The TIE crack team of lawyers is all over Halbig, so I’m not going near it. (Seriously, @nicholas_bagley is making Austin and I look like amateur bloggers). But there are other things to cover, and Maggie Fox published a doozy yesterday:
Eleven out of 12 fake applications for government-subsidized health insurance got through a verification process and the bogus beneficiaries are still covered, the Government Accountability Office said Tuesday.
The GAO launched the sting to check to see how well the Obamacare process checks for counterfeit applications. The results were messy, GAO’s Seto Bagdoyan says in testimony prepared for a hearing Wednesday of the House Ways and Means oversight subcommittee.

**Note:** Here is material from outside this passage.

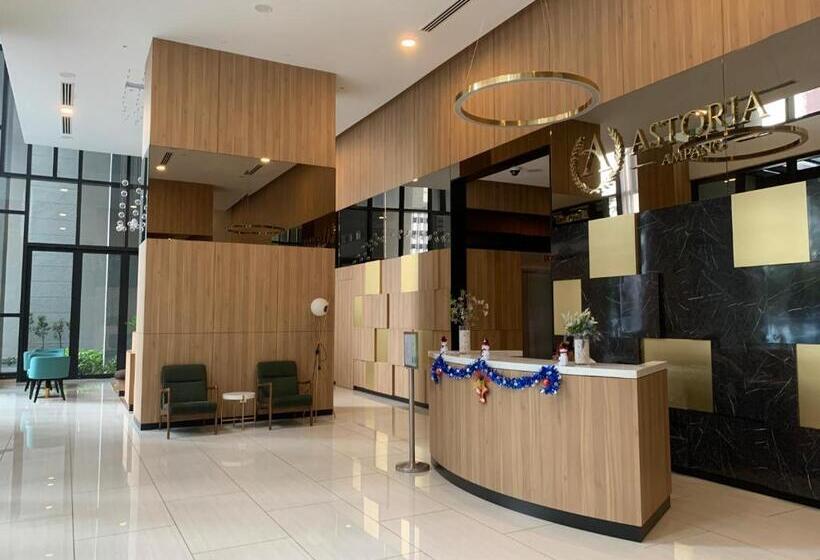 Апартаменты 2 Спальни, Kl City Centre Grabstay By Kay S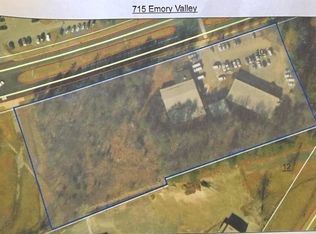 715 Emory Valley Rd, Oak Ridge, TN 37830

“The federal marketplace approved coverage for 11 of our 12 fictitious applicants who initially applied online, or by telephone,” Bagdoyan, who directs GAO’s Forensic Audits and Investigative Service, said in testimony obtained by NBC News.
The GAO submitted totally fake applications to Obamacare to see if they could get approved. Most of them got approved. Heck, at least half of them got subsidies.
Some partisans will jump on this as another reason to scrap the whole law, and that’s not where I’m going with this. But this lack of oversight just isn’t acceptable. The GAO should be checking this stuff, and the administration should be responding to it. Let’s see what happens.